I have the same problem here! Using pandarallel on Windows 10 and Jupyter notebook.
Getting the same issue on MacOS in Python 3.8
Package Version
black 19.10b0
numpy 1.17.4
pandarallel 1.4.6
pandas 0.25.3
pip 20.0.2
Edit: Tried the same code in Python 3.7.3 which works no problem.
Getting the same issue: Windows 10 and Spyder
Having the same issue on Windows 10 with Jupyter Notebook
I managed to fix this inspired by this
Take a look at this issue
But something is working very weird:
The global scope is not visible anymore. For example, I have to import pandas again in order to use it in function passed into apply, otherwise it will throw NameError: name 'pd' is not defined
The other issue is irrelevant from this one.
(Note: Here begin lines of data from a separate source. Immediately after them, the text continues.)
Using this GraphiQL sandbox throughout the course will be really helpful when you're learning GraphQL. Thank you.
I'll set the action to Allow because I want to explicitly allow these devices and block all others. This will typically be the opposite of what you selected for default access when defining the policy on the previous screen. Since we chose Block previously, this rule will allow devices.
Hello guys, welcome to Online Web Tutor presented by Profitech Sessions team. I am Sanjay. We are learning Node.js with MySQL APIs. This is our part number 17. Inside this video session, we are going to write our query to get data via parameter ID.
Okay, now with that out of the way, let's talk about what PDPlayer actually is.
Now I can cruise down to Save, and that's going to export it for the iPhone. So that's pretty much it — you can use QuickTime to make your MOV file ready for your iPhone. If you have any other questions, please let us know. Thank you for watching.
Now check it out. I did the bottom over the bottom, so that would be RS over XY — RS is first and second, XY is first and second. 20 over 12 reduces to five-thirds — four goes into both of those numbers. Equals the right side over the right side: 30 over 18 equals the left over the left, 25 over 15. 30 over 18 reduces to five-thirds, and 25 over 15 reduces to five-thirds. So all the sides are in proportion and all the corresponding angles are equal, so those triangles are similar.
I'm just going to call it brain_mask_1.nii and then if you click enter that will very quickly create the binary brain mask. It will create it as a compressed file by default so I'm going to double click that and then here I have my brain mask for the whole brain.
I have to put my entire code into if __name__ == '__main__':
, or I'll encounter issue 76. I'm not sure the proper way to handle it
Since I didn't solve it completely and I don't have any time and effort to work on it, I will not submit any pull request for now.
Here is my patch:
diff --git a/pandarallel/pandarallel.py b/pandarallel/pandarallel.py
index b7783ea..c3e918d 100644
--- a/pandarallel/pandarallel.py
+++ b/pandarallel/pandarallel.py
@@ -64,96 +64,112 @@ def is_memory_fs_available():
return os.path.exists(MEMORY_FS_ROOT)
-def prepare_worker(use_memory_fs):
- def closure(function):
- def wrapper(worker_args):
- """This function runs on WORKERS.
-
- If Memory File System is used:
- 1. Load all pickled files (previously dumped by the MASTER) in the
- Memory File System
- 2. Undill the function to apply (for lambda functions)
- 3. Tell to the MASTER the input file has been read (so the MASTER can remove it
- from the memory
- 4. Apply the function
- 5. Pickle the result in the Memory File System (so the Master can read it)
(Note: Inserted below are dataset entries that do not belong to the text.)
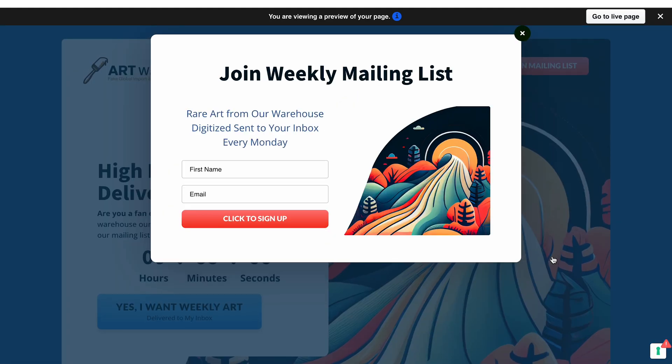Now you know everything about pop-up elements in ClickFunnels 2.0 and can easily add one to your page. If this tutorial was helpful, give it a thumbs up, subscribe to our channel, and enable notifications to not miss out on our future videos. If you haven't done it yet, use the link in the description to create a free 30-day trial of ClickFunnels 2.0. Thank you for watching and I will see you in our future videos.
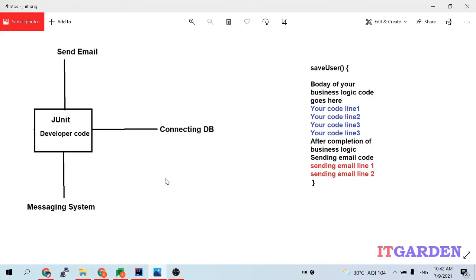Welcome back friends. In the last video we have seen how to write JUnit test cases. Ten years back, for example, if I want to test my business logic, I have written some business logic but it is tightly coupled with my database. Without a DB connection that business logic won't work, but I want to test only the business logic without connecting the DB.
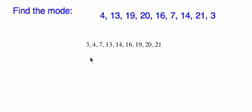OK, in this situation, here we have 4, 13, 19, 20, 16, 7, 14, 21, and 3. And notice nothing repeats, right? If I put it in order, I have 3, 4, 7, 13, 14, 16, 19, 20, 21.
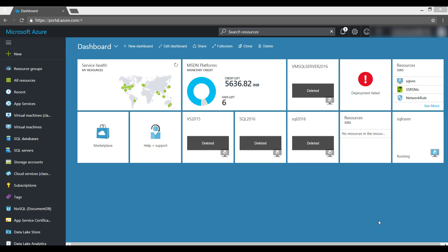Hi, welcome to Data on My View. In this video I am going to show the latest feature which is enabled in SQL Server 2016 Reporting Services, that is Power BI. So it is going to be a technical preview of Power BI integration in SQL Server 2016 Reporting Services.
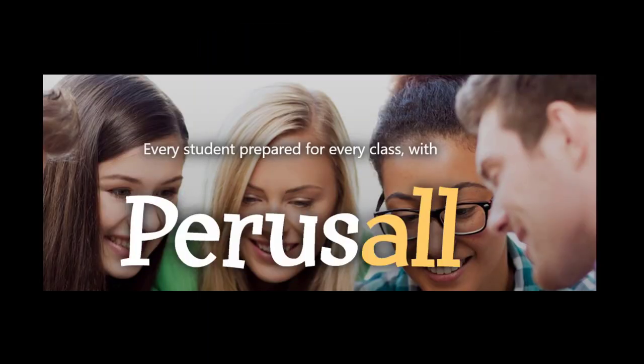Today we are looking at Perusal, a free online social annotation application.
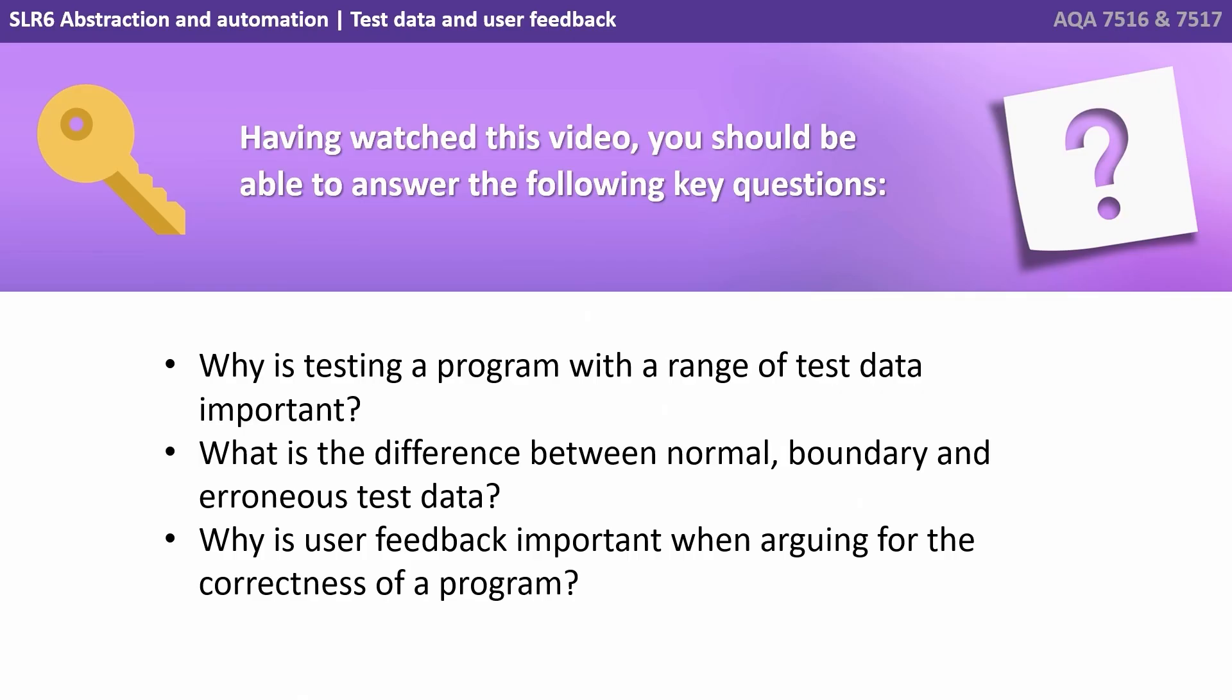Having watched this video, you should be able to answer the following key questions. Why is testing a program with a range of test data important? What is the difference between normal boundary and erroneous data? And why is user feedback important when arguing for the correctness of a program?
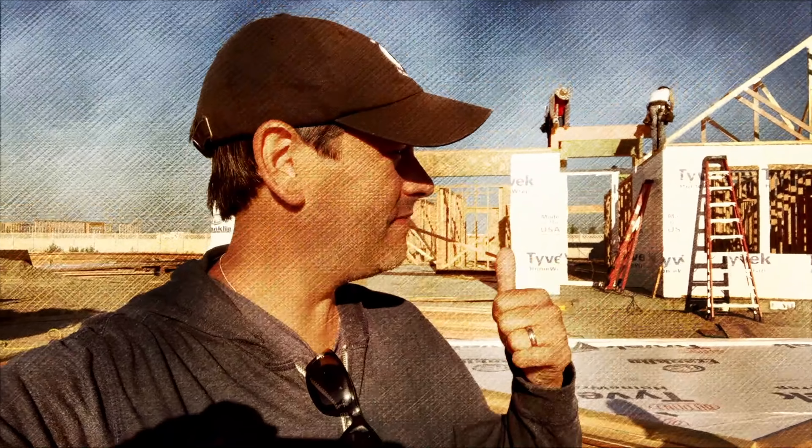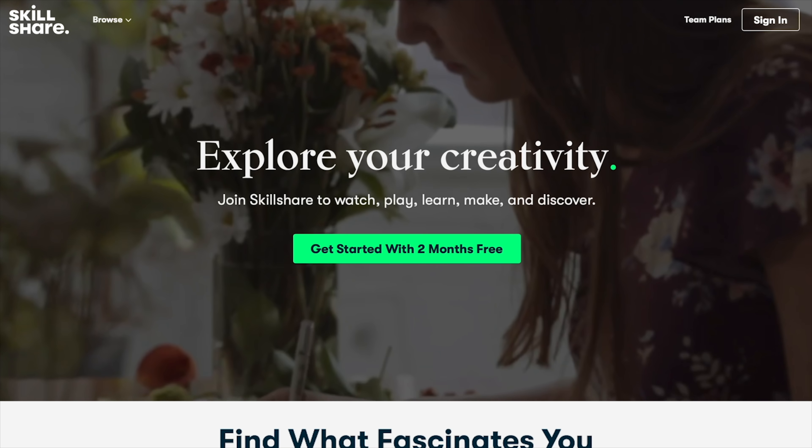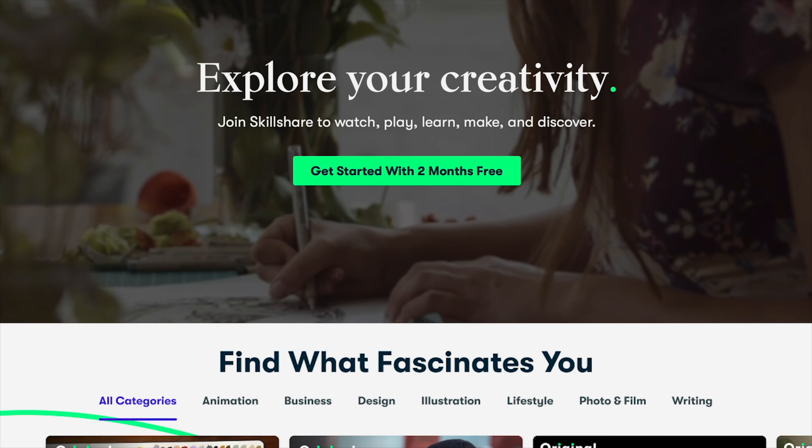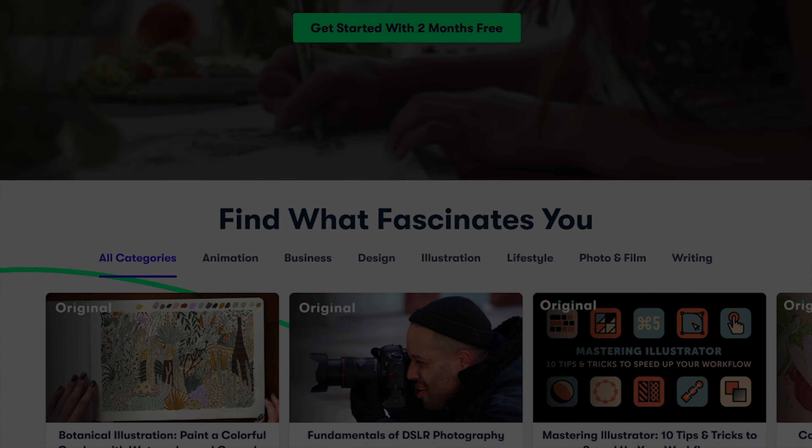Here we are at our very first rental property. Brought to you by Skillshare. Stick around to the end of today's episode to learn how you can get two months free.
- 6. Tell the master task is finished
-
- If Memory File System is not used, steps are the same except 1. and 5. which are
- skipped.
- """
- if use_memory_fs:
- (
- input_file_path,
- output_file_path,
- index,
- meta_args,
- queue,
- progress_bar,
- dilled_func,
- args,
- kwargs,
- ) = worker_args
-
- try:
- with open(input_file_path, "rb") as file:
- data = pickle.load(file)
- queue.put((INPUT_FILE_READ, index))
-
- result = function(
- data,
- index,
- meta_args,
- queue,
- progress_bar,
- dill.loads(dilled_func),
- *args,
- **kwargs
- )
+class prepare_worker_with_memory_fs:
+ def __init__(self, func):
+ self.func = func
+
+ def __call__(self, worker_args):
+ """This function runs on WORKERS.
+
+ If Memory File System is used:
+ 1. Load all pickled files (previously dumped by the MASTER) in the
+ Memory File System
+ 2. Undill the function to apply (for lambda functions)
+ 3. Tell to the MASTER the input file has been read (so the MASTER can remove it
+ from the memory
+ 4. Apply the function
+ 5. Pickle the result in the Memory File System (so the Master can read it)
+ 6. Tell the master task is finished
+
+ If Memory File System is not used, steps are the same except 1. and 5. which are
+ skipped.
+ """
+ (
+ input_file_path,
+ output_file_path,
+ index,
+ meta_args,
+ queue,
+ progress_bar,
+ dilled_func,
+ args,
+ kwargs,
+ ) = worker_args
- with open(output_file_path, "wb") as file:
- pickle.dump(result, file)
+ try:
+ with open(input_file_path, "rb") as file:
+ data = pickle.load(file)
+ queue.put((INPUT_FILE_READ, index))
- queue.put((VALUE, index))
+ result = self.func(
+ data,
+ index,
+ meta_args,
+ queue,
+ progress_bar,
+ dill.loads(dilled_func),
+ *args,
+ **kwargs
+ )
- except Exception:
- queue.put((ERROR, index))
- raise
- else:
- (
- data,
- index,
- meta_args,
- queue,
- progress_bar,
- dilled_func,
- args,
- kwargs,
- ) = worker_args
-
- try:
- result = function(
- data,
- index,
- meta_args,
- queue,
- progress_bar,
- dill.loads(dilled_func),
- *args,
- **kwargs
- )
- queue.put((VALUE, index))
+ with open(output_file_path, "wb") as file:
+ pickle.dump(result, file)
- return result
+ queue.put((VALUE, index))
- except Exception:
- queue.put((ERROR, index))
- raise
+ except Exception:
+ queue.put((ERROR, index))
+ raise
- return wrapper
+class prepare_worker_without_memory_fs:
+ def __init__(self, func):
+ self.func = func
- return closure
+ def __call__(self, worker_args):
+ """This function runs on WORKERS.
+
+ If Memory File System is used:
+ 1. Load all pickled files (previously dumped by the MASTER) in the
+ Memory File System
+ 2. Undill the function to apply (for lambda functions)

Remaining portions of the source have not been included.